Centre the world on you with a custom made map

By , 25, February, 2013 8:00 am

It’s been a year since we launched our custom made maps, allowing you to create a bespoke OS Explorer Map or OS Landranger Map in just a few minutes, centring it on the area you choose and adding your own title and cover image. We know you like being able to personalise your own maps, but we didn’t know just how much, until we heard from Katy Moore. Read Katy’s guest post on her custom made experience.

Thanks to Ordnance Survey, I am now the centre of my (10 km radius) universe…

As I opened my present last Christmas, I was taken aback to find my own face looking at me…It was me! On an Ordnance Survey map! Of the Lake District! Oh, and centred on Derwentwater Youth Hostel, where I was about to start volunteering. Oh, and the title of the map was actually Katy Moore’s Lake District! I love maps, I love the Lake District, I love Derwentwater Youth Hostel, and I love the memory of the inter-hostel walking holiday that the photograph evokes. 

Katy with map in hand

Now working at Derwentwater Youth Hostel, it has become the centre of my life and my movements. I live in the staff flat on the top floor of the hostel and I spend my free time exploring the surrounding area: I have set off from the hostel in every direction and I have not fallen off the edge of the map yet. 

So, branching from every angle of the pink triangle that denotes Derwentwater Youth Hostel on my 1:25 000 map, where have I been and what have I seen? 

South east: From the Youth Hostel you can see a white plume falling through the woodland – so on my first day I explored the grounds in this direction and found a footpath twisting up the side of a splendid waterfall. Barrow House was built by the eccentric Joseph Pocklington and it is named after the beck which Pocklington diverted to create a waterfall in the grounds. So the hostel is perfectly positioned to explore Barrow Beck, from its source on Ashness Fell, along the dramatic falls of Barrow Cascade, to its entry in Barrow Bay on Derwent Water. From the footpath you can also see the hydro-electric plant that harnesses some of the energy from the tumbling waterfall. 

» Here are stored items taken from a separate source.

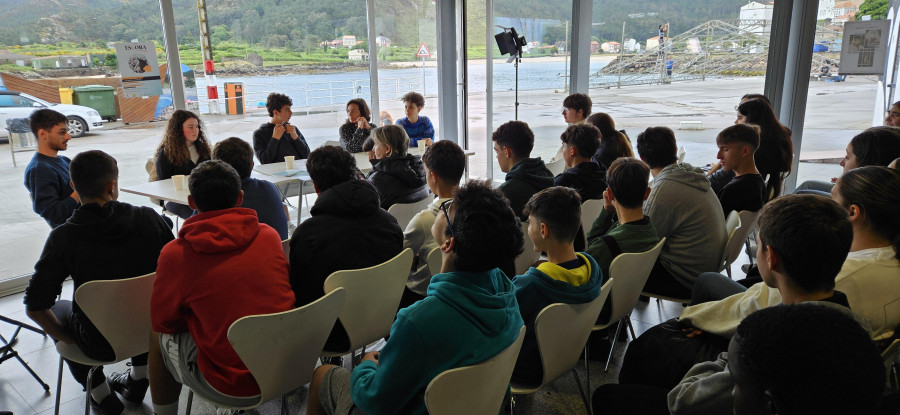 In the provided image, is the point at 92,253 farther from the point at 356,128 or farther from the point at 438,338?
Answer: the point at 356,128

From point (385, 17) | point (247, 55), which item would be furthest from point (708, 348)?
point (385, 17)

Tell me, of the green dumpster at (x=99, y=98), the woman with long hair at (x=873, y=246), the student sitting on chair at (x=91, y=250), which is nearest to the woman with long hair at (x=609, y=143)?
the woman with long hair at (x=873, y=246)

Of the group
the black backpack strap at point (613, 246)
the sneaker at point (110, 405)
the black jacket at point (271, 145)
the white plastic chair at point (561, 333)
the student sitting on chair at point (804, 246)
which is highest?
the student sitting on chair at point (804, 246)

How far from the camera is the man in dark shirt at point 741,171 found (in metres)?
3.40

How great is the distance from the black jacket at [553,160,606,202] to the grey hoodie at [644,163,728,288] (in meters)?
0.75

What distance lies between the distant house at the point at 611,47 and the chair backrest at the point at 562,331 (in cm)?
539

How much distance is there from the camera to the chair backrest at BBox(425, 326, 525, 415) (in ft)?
4.80

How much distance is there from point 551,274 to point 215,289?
119 cm

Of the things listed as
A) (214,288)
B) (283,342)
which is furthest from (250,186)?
(283,342)

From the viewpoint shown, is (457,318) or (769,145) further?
(769,145)

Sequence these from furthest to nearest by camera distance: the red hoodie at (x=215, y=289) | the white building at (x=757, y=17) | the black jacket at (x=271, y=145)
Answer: the white building at (x=757, y=17) < the black jacket at (x=271, y=145) < the red hoodie at (x=215, y=289)

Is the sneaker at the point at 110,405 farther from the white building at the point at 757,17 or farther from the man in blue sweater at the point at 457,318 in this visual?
the white building at the point at 757,17

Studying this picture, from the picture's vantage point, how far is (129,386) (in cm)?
271

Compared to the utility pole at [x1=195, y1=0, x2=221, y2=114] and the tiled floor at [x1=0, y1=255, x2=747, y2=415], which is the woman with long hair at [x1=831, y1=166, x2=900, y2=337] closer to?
the tiled floor at [x1=0, y1=255, x2=747, y2=415] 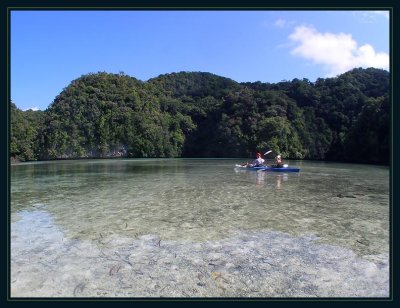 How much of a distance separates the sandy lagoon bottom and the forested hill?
42428 millimetres

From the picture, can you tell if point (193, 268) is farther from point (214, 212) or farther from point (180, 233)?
point (214, 212)

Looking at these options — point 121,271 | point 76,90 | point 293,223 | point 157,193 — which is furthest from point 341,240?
point 76,90

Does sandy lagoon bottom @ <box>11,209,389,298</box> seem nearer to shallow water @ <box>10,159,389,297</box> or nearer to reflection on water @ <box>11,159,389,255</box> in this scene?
shallow water @ <box>10,159,389,297</box>

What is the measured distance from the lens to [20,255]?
4.87 metres

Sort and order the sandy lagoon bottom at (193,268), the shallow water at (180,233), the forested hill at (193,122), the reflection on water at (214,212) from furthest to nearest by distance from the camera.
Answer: the forested hill at (193,122) < the reflection on water at (214,212) < the shallow water at (180,233) < the sandy lagoon bottom at (193,268)

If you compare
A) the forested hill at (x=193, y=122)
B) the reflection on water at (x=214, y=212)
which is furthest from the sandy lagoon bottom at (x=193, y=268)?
the forested hill at (x=193, y=122)

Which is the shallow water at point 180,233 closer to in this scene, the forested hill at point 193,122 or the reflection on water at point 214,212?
the reflection on water at point 214,212

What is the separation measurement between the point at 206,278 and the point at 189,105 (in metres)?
62.4

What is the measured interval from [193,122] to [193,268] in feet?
192

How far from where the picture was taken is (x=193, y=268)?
4.36 meters

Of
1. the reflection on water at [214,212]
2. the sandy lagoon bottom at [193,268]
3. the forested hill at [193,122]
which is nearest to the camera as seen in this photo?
the sandy lagoon bottom at [193,268]

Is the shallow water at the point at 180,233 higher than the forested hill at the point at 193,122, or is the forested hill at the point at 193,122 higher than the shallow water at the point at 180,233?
the forested hill at the point at 193,122

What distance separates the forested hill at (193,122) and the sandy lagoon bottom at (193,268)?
42.4 meters

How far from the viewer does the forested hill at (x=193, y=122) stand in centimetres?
4938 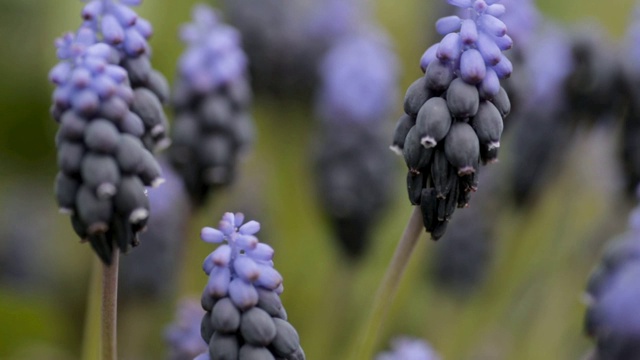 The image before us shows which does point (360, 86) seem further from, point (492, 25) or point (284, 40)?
point (492, 25)

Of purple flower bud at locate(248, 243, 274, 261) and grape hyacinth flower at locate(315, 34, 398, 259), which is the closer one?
purple flower bud at locate(248, 243, 274, 261)

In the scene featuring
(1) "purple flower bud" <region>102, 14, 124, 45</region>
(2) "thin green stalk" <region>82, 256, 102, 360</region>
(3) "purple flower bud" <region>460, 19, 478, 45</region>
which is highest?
(1) "purple flower bud" <region>102, 14, 124, 45</region>

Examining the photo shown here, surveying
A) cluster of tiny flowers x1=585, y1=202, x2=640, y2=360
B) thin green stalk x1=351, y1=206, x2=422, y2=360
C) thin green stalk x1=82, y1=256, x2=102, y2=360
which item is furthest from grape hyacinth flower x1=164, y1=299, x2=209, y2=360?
cluster of tiny flowers x1=585, y1=202, x2=640, y2=360

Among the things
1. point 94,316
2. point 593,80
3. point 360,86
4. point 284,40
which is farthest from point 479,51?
point 284,40

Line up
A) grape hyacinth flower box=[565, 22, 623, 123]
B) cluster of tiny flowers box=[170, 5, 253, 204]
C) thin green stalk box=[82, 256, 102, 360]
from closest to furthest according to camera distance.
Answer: thin green stalk box=[82, 256, 102, 360], cluster of tiny flowers box=[170, 5, 253, 204], grape hyacinth flower box=[565, 22, 623, 123]

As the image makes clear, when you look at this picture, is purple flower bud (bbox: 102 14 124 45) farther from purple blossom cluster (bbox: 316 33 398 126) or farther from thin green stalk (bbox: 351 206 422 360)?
purple blossom cluster (bbox: 316 33 398 126)

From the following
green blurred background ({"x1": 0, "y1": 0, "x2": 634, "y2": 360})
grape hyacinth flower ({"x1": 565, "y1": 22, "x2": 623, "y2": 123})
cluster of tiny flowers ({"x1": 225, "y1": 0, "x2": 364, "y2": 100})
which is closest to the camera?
grape hyacinth flower ({"x1": 565, "y1": 22, "x2": 623, "y2": 123})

Katy returning from Lofty Crags

South-south west: the little gate at the bottom of the front lawn is flanked on one side by a bright red letter box, set into a strong stone wall. A stroll to the letter box often ends a couple of hours later after an unplanned mini adventure as there are so many things to explore. This exit point from the hostel leads to the paths of the Borrowdale Valley, the spectacular Lodore Falls, the Chinese Bridge over the River Derwent (providing access to the western shores of Derwent Water), the pretty hamlet of Grange and its double stone bridge, and the Bowder Stone. 

North-west: at the bottom of the driveway there is a bus stop, Barrow Bay, the road to Watendlath, and the lake-shore path and on into the lake itself! On very calm days I have plunged into the glassy water, on other occasions I have been content to walk or run along the enchanting lake-shore path to Friar’s Crag and Keswick (with the magnificent shoulder of Skiddaw in constant comforting view), or beneath Falcon Crag to Great Wood and the rewarding triangulation point at Castlehead Wood. 

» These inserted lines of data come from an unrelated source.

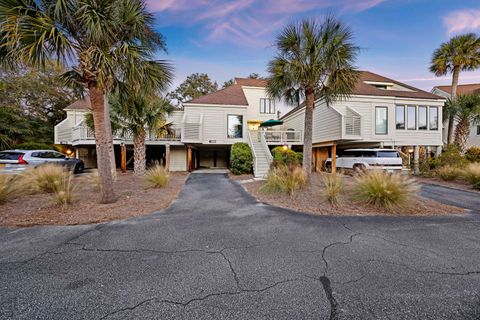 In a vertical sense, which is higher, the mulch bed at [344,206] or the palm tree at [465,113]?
the palm tree at [465,113]

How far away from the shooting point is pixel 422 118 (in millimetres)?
15344

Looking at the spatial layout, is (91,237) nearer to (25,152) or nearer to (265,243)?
(265,243)

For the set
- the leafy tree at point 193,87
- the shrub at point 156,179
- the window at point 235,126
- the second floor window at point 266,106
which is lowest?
the shrub at point 156,179

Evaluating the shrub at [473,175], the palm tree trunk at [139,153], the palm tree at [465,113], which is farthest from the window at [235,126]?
the palm tree at [465,113]

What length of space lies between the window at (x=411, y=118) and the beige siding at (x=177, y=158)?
18.0m

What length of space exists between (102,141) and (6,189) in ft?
10.3

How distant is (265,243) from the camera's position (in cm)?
360

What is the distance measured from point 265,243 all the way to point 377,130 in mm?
15130

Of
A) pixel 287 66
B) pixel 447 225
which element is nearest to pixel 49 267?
pixel 447 225

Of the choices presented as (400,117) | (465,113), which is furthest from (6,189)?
(465,113)

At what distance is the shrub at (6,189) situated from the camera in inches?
228

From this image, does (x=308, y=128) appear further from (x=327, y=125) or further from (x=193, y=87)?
(x=193, y=87)

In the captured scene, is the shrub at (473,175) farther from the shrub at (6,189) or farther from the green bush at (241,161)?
the shrub at (6,189)

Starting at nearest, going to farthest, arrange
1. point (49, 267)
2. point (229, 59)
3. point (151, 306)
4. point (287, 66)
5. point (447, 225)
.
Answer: point (151, 306) → point (49, 267) → point (447, 225) → point (287, 66) → point (229, 59) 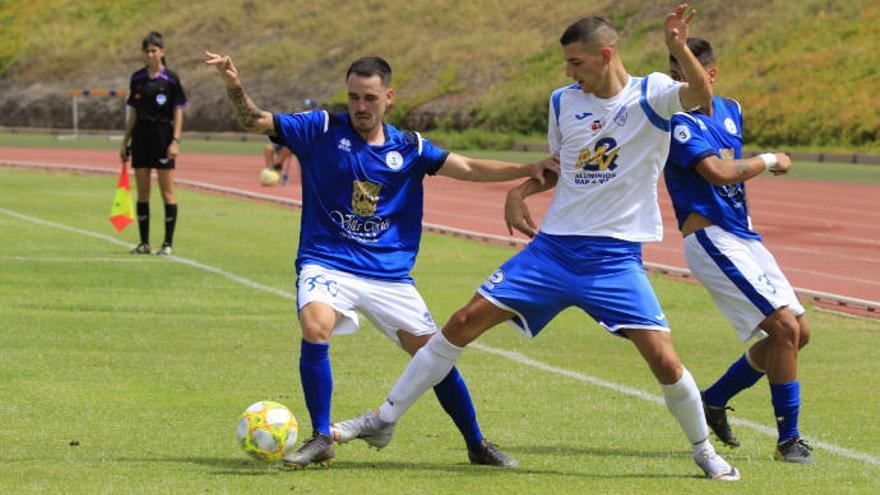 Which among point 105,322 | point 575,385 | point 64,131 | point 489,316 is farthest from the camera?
point 64,131

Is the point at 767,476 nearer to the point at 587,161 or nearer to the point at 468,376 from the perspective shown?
the point at 587,161

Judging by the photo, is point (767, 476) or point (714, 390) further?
point (714, 390)

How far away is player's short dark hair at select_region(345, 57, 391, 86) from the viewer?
25.6 feet

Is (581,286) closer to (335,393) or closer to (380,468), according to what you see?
(380,468)

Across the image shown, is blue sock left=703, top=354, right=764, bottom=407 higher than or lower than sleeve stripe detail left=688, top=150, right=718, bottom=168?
lower

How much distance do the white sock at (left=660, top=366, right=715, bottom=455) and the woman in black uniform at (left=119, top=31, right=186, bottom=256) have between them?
1092 cm

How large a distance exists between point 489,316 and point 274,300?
23.4 feet

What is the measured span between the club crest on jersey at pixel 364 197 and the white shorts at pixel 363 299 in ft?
1.08

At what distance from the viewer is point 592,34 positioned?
737 cm

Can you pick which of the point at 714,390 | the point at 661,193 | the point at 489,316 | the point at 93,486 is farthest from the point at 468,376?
the point at 661,193

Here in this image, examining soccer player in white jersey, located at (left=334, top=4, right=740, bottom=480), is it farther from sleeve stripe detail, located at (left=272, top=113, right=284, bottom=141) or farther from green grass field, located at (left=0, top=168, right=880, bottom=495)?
sleeve stripe detail, located at (left=272, top=113, right=284, bottom=141)

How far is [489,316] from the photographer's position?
7496mm

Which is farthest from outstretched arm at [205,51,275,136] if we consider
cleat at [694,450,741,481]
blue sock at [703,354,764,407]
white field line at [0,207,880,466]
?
white field line at [0,207,880,466]

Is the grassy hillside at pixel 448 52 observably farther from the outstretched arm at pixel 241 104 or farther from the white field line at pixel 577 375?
the outstretched arm at pixel 241 104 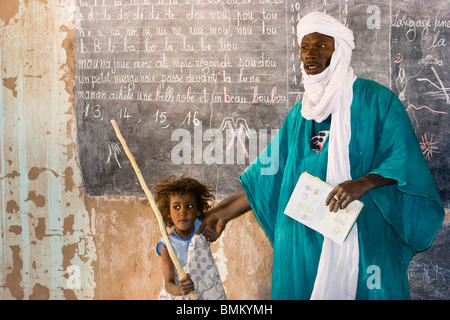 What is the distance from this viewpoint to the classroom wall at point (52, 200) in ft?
11.8

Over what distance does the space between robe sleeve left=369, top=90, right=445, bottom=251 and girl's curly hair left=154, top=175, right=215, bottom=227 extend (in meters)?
1.12

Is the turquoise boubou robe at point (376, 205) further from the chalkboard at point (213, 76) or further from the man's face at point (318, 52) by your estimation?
the chalkboard at point (213, 76)

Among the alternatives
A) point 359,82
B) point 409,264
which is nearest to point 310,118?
point 359,82

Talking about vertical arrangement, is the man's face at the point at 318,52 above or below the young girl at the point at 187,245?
above

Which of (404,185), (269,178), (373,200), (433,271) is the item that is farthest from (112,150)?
(433,271)

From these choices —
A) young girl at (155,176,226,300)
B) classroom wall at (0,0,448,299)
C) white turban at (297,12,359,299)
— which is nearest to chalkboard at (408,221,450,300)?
white turban at (297,12,359,299)

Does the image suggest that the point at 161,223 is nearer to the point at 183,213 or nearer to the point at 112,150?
the point at 183,213

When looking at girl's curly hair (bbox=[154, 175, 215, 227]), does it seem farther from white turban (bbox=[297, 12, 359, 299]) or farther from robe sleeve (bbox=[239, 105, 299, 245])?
white turban (bbox=[297, 12, 359, 299])

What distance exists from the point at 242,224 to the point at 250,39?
4.40 ft

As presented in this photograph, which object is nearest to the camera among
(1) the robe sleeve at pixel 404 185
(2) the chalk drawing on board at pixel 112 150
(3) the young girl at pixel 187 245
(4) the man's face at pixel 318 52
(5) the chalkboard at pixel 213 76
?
(1) the robe sleeve at pixel 404 185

To the south east, somewhere (I must confess that my map-reading was imprecise at this point) on the craggy bowls that pockmark Grange Fell, I heard some soft rustling noises and saw two red deer bound through the uneven rock and gorse. 

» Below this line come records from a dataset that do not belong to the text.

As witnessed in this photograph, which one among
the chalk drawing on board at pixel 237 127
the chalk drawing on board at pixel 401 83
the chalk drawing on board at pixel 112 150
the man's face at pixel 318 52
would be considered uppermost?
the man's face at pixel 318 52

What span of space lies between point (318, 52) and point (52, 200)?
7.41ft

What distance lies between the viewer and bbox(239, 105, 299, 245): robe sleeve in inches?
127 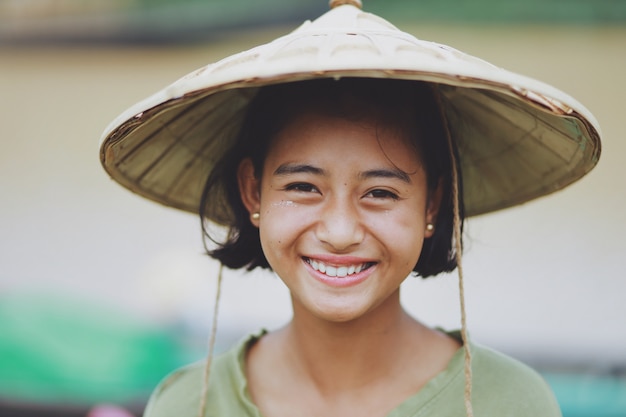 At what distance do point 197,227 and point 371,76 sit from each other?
318 cm

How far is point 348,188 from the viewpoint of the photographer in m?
1.43

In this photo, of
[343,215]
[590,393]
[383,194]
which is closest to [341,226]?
[343,215]

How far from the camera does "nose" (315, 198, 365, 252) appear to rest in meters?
1.40

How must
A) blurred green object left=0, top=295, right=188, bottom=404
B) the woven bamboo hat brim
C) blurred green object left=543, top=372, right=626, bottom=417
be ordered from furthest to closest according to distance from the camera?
blurred green object left=0, top=295, right=188, bottom=404
blurred green object left=543, top=372, right=626, bottom=417
the woven bamboo hat brim

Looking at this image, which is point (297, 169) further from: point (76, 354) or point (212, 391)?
point (76, 354)

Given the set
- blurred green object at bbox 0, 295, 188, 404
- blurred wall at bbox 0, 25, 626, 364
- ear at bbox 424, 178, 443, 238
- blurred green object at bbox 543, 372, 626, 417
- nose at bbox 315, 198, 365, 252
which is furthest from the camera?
blurred wall at bbox 0, 25, 626, 364

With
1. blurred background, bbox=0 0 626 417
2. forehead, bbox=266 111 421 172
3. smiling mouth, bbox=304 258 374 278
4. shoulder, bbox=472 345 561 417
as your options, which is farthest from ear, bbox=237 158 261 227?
blurred background, bbox=0 0 626 417

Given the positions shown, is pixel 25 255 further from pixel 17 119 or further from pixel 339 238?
pixel 339 238

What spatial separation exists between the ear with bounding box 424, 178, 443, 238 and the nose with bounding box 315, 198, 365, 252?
0.27 metres

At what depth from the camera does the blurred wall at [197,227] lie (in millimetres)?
3633

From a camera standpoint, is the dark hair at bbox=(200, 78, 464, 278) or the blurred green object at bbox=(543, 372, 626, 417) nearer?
the dark hair at bbox=(200, 78, 464, 278)

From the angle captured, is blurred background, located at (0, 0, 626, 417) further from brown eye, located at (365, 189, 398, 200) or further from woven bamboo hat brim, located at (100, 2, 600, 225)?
brown eye, located at (365, 189, 398, 200)

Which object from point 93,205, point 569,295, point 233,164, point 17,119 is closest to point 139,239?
point 93,205

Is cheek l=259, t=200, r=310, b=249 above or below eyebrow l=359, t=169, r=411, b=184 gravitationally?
below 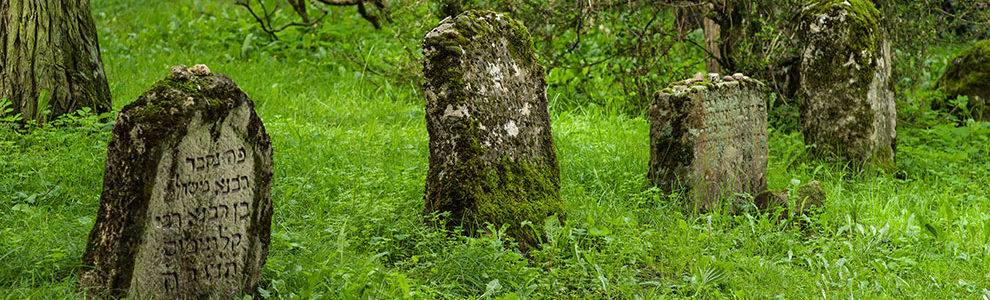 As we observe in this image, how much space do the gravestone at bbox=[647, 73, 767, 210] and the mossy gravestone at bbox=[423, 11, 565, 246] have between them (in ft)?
3.52

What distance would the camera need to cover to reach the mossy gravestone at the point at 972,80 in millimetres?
8984

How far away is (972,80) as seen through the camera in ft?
29.8

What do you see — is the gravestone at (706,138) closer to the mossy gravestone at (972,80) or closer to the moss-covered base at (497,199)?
the moss-covered base at (497,199)

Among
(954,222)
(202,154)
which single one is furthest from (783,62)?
(202,154)

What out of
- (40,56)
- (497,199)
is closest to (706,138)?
(497,199)

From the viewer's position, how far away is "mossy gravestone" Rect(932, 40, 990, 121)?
8984 millimetres

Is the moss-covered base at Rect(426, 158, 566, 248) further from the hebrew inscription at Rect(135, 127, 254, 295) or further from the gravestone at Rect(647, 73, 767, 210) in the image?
the hebrew inscription at Rect(135, 127, 254, 295)

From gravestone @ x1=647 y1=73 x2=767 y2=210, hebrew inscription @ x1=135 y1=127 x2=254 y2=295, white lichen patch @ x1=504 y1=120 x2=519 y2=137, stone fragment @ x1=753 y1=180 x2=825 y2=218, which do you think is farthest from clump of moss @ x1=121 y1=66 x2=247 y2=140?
stone fragment @ x1=753 y1=180 x2=825 y2=218

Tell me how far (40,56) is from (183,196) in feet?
12.6

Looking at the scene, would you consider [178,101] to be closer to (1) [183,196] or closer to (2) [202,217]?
(1) [183,196]

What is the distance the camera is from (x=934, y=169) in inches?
277

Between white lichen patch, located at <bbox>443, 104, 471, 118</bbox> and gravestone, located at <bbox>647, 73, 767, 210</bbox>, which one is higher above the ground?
white lichen patch, located at <bbox>443, 104, 471, 118</bbox>

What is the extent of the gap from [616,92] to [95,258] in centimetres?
680

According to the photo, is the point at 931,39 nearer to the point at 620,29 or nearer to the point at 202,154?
the point at 620,29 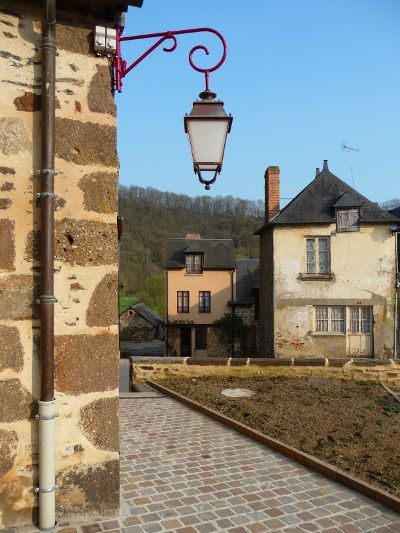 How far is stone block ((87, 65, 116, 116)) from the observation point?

To the south west, at the edge of the hostel lawn, I have seen a red squirrel! I have been to many sites that are famed for red squirrels, but until this month I had never actually seen one. To summarise my 360 degree experience so far: there are red deer, red squirrels, and a red-haired Katy Moore to be spotted within a 10 km radius of Derwentwater Youth Hostel, and yet there is still much more to explore!

Images produced with thanks to Katy Moore.

One Response to “Centre the world on you with a custom made map”

  1. Nick says:

    I agree that these are great. I got one when I moved to my new house back in 2007, in a new area I didn’t know very well. It wasn’t long till I felt that I knew almost every nook and cranny of my local environment, with the help of my custom-made map (centred on Marden, Kent).